• _To do_
In the entries that follow, the lines from the one with "Shorts Red RLS" through the one with "Used Cupra Formentor" are the ones to write out, exactly and with both ends included. Nothing else should appear.

Provided entries below:

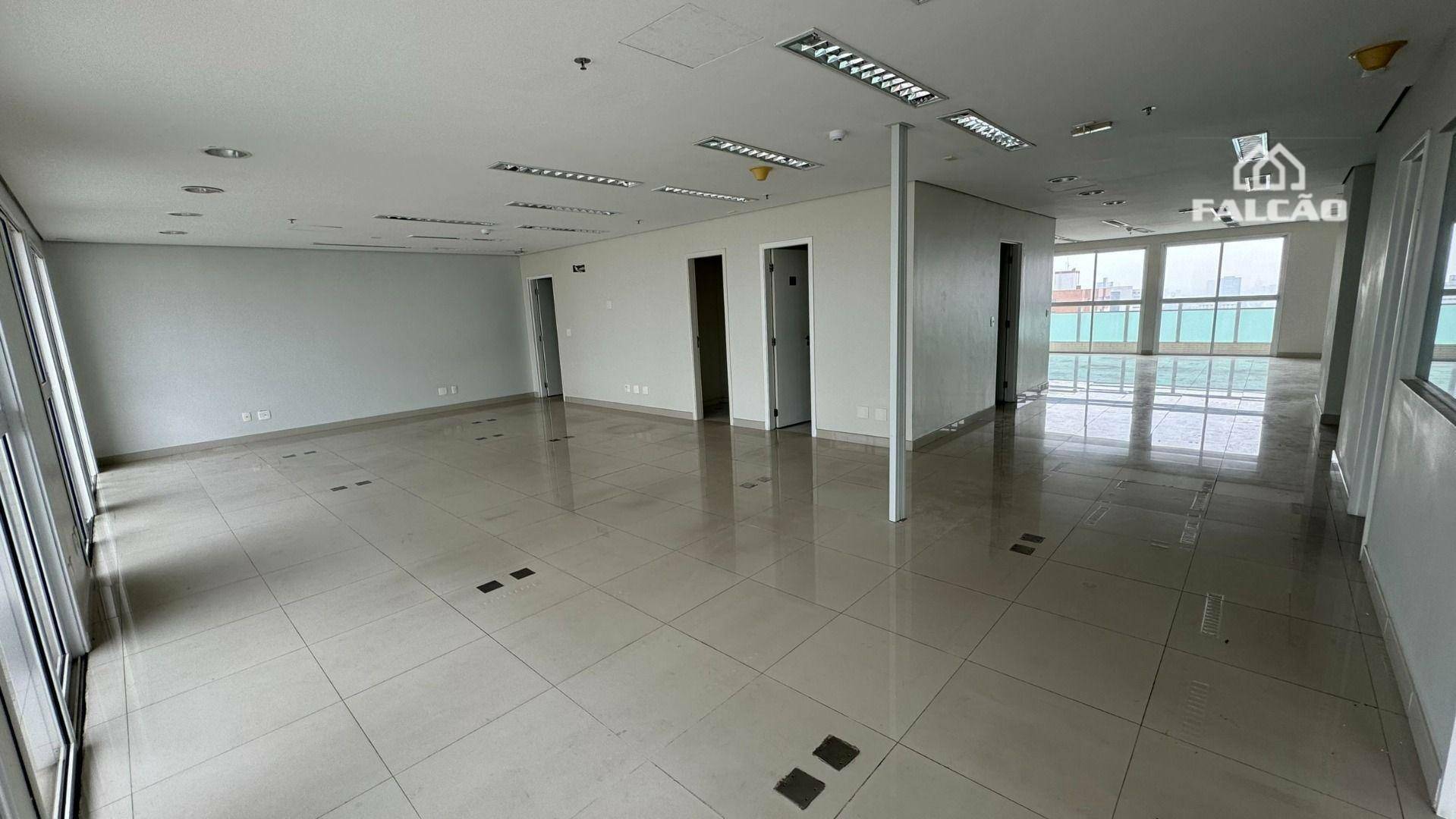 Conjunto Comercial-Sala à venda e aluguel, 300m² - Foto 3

End of Provided entries.
Provided entries below:

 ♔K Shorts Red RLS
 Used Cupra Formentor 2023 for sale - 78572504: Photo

End of Provided entries.

• _Expected answer_
 ♔K Shorts Red RLS
 Used Cupra Formentor 2023 for sale - 78572504: Photo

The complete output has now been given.